SOURCE DATA
►
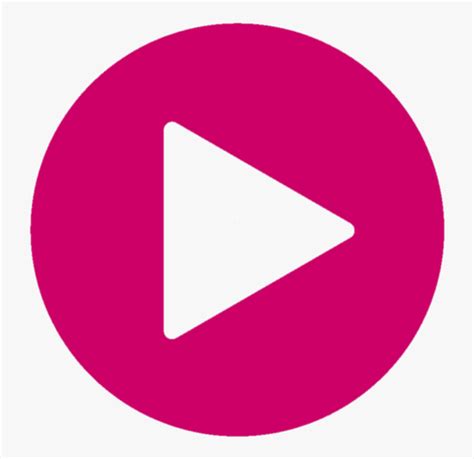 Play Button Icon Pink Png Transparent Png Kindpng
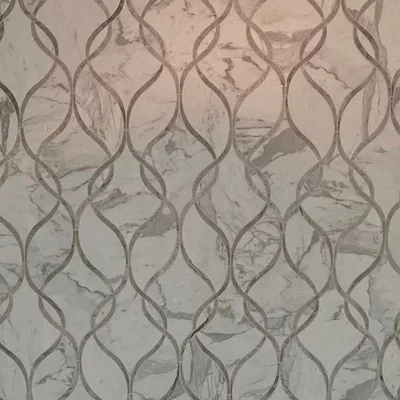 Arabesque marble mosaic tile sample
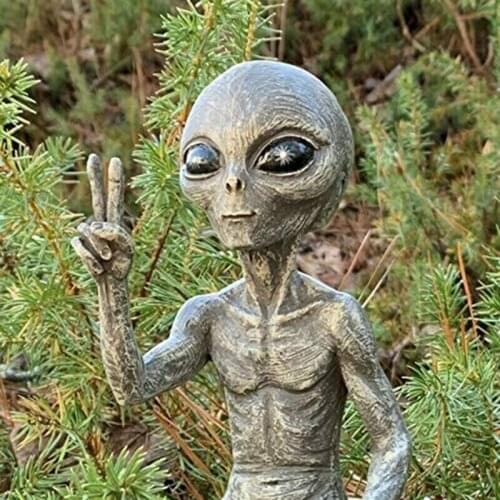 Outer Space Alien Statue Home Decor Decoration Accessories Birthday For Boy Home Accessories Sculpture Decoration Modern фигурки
◄
PROBLEM
Return the material exactly as given, apart from the pictures.

FINISHED EXERCISE
 Play Button Icon Pink Png Transparent Png Kindpng
 Arabesque marble mosaic tile sample
 Outer Space Alien Statue Home Decor Decoration Accessories Birthday For Boy Home Accessories Sculpture Decoration Modern фигурки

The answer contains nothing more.